I am working on a project to try to enhance my understanding of LSTM networks. I am following the steps outlined in this blog post here. My dataset looks like the following:
Open High Low Close Volume
Date
2014-04-21 197.080002 206.199997 194.000000
204.380005 5258200
2014-04-22 206.360001 219.330002 205.009995
218.639999 9804700
2014-04-23 216.330002 216.740005 207.000000
207.990005 7295600
2014-04-24 210.809998 212.800003 203.199997
207.860001 5495200
2014-04-25 202.000000 206.699997 197.649994
199.850006 6996700
As you can see this is a small snapshot of TSLA Stock movement.
I understand that with LSTM, this data needs to be reshaped into three dimensions:
Batch Size
Time Steps
Features
My initial idea was to use some sort of medium batch size (to allow for the best generalization). Also, to look back at 10 days of history as the Time Step. Features as Open, High, Low, Volume, Close.
Here is where I am a bit stuck. I have two questions specifically:
What is the approach for breaking the data into the new representation (transforming it)?

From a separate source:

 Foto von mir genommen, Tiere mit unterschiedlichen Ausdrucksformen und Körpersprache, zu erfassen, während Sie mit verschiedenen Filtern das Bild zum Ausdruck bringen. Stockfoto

How do we take this and split it into the train, test, and validation sets? I am having trouble conceptualizing exactly what is being broken down. My initial thought was to use sklearn:
train_test_split()
But this does not seem like it will work in this case.

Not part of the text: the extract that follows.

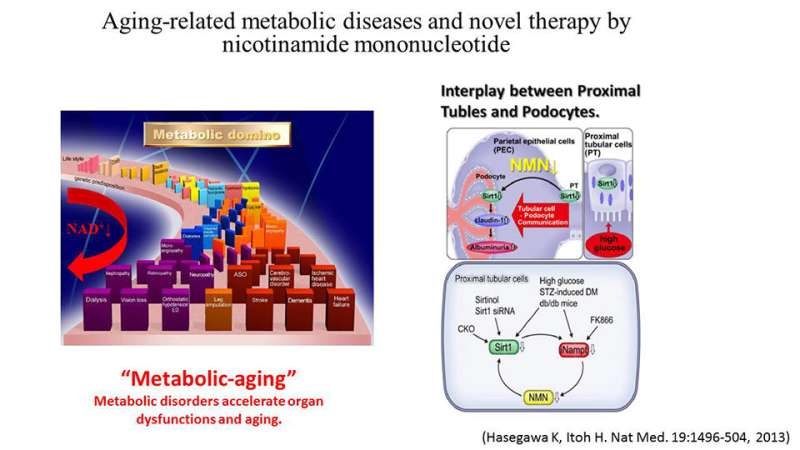 Insights into the molecular mechanisms leading to kidney dysfunction in diabetic patients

Obviously, once the data has been transformed and then split it is easy building the Keras model. It is just a matter of calling fit.(data).
Any suggestions or resources (pointing in the right direction) would be greatly appreciated.
My current code is:
from sklearn.model_selection import train_test_split
# Split the Data into Training and Testing Data
tsla_train, tsla_test = train_test_split(tsla)
tsla_train.shape
tsla_test.shape
from sklearn.preprocessing import MinMaxScaler
# Scale the Data
scaler = MinMaxScaler()
scaler.fit(tsla_train)
tsla_train_scaled = scaler.transform(tsla_train)
tsla_test_scaled = scaler.transform(tsla_test)
# Define the parameters of the model
batch_size = 20
# Set the model to look back on four days of historical data and
try to predict the fifth
time_steps = 10
from keras.models import Sequential
from keras.layers import LSTM, Dense
lstm_model = Sequential()
There is some explanation found in this post here.